**TASK DIRECTIONS:** The lines to copy run from the one containing "Latinx Immigrants of Iowa" to the very end of the records; give them exactly, and only them, without pictures.

(Image-caption web data)

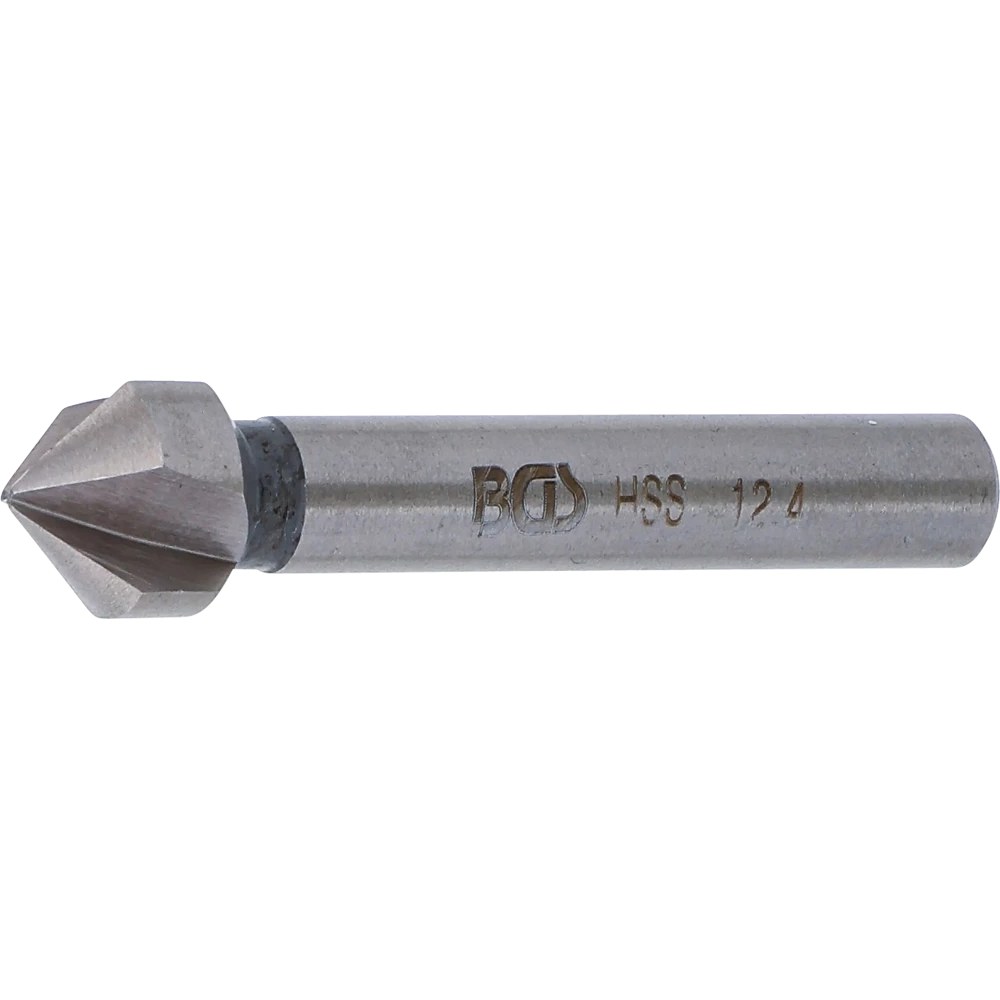 Kegelsenker, HSS, DIN 335 Form C, Ø 12,4 mm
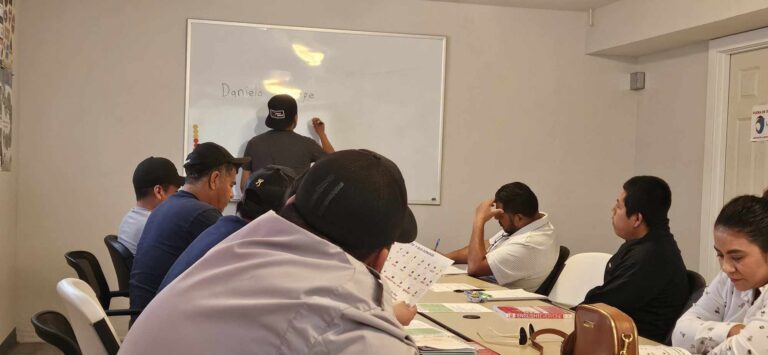 Latinx Immigrants of Iowa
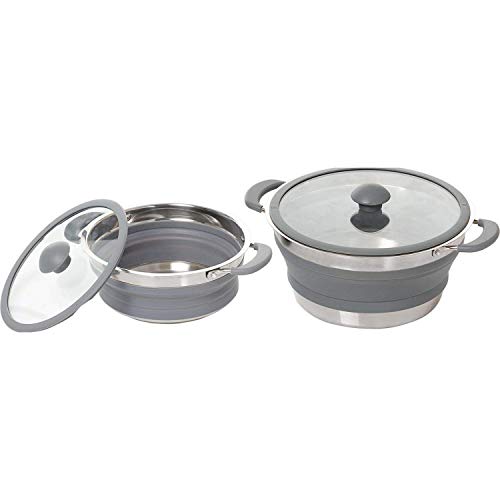 Brunner 0804026N Volcano Fold-Away Ø 24 Cm
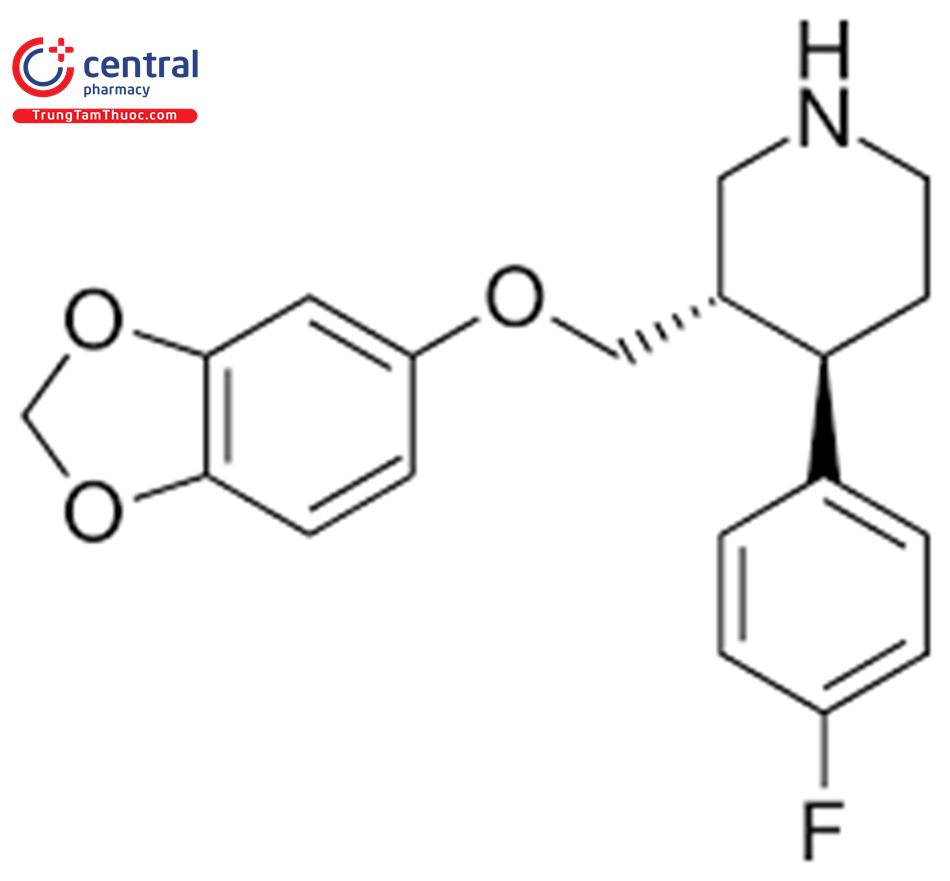 Paroxetine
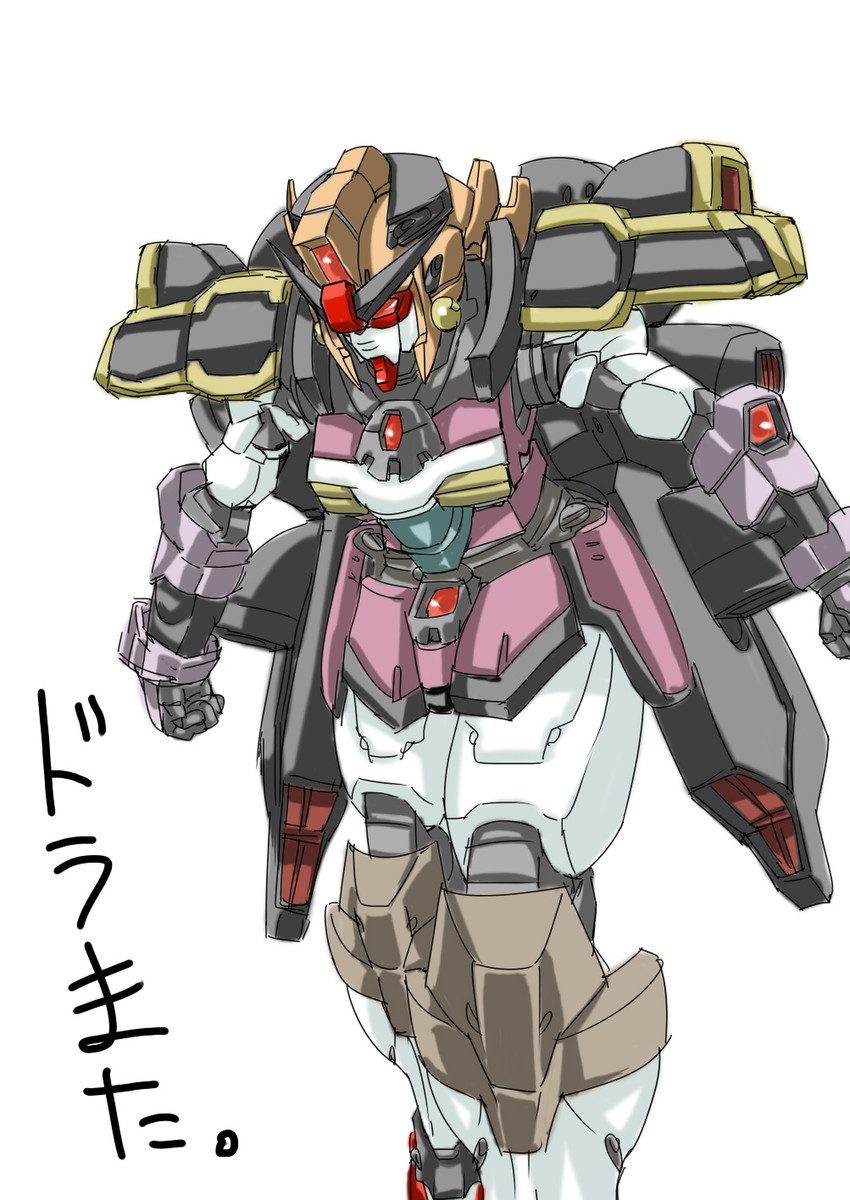 lina inverse (gundam and 1 more) drawn by tukiwani
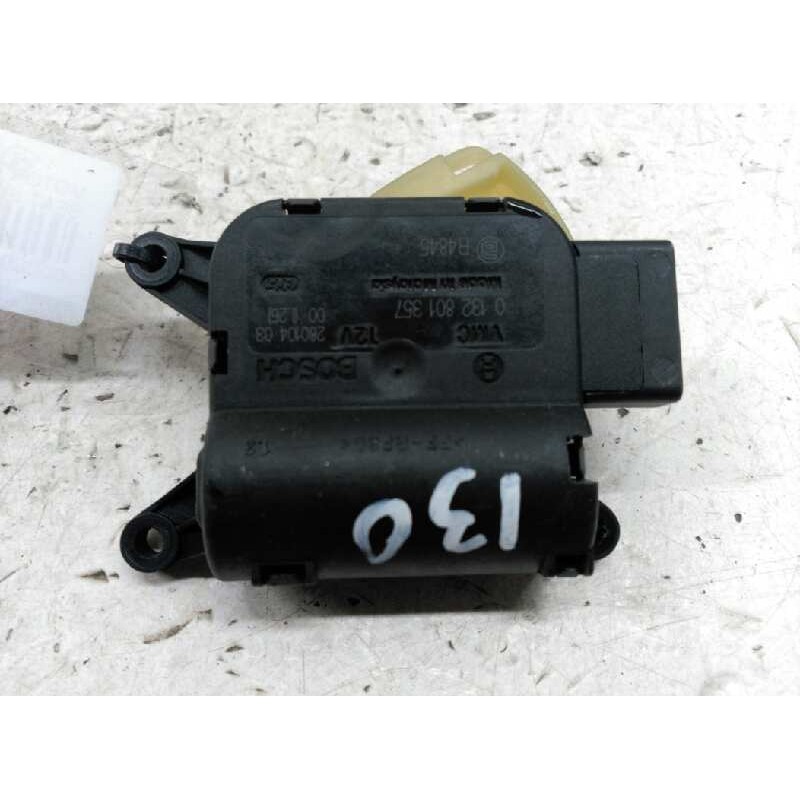 Recambio de motor regulador climatizacion para seat ibiza (6l1) cool referencia OEM IAM 0132801357 28010403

**SOLVED PROBLEM:**
 Latinx Immigrants of Iowa
 Brunner 0804026N Volcano Fold-Away Ø 24 Cm
 Paroxetine
 lina inverse (gundam and 1 more) drawn by tukiwani
 Recambio de motor regulador climatizacion para seat ibiza (6l1) cool referencia OEM IAM 0132801357 28010403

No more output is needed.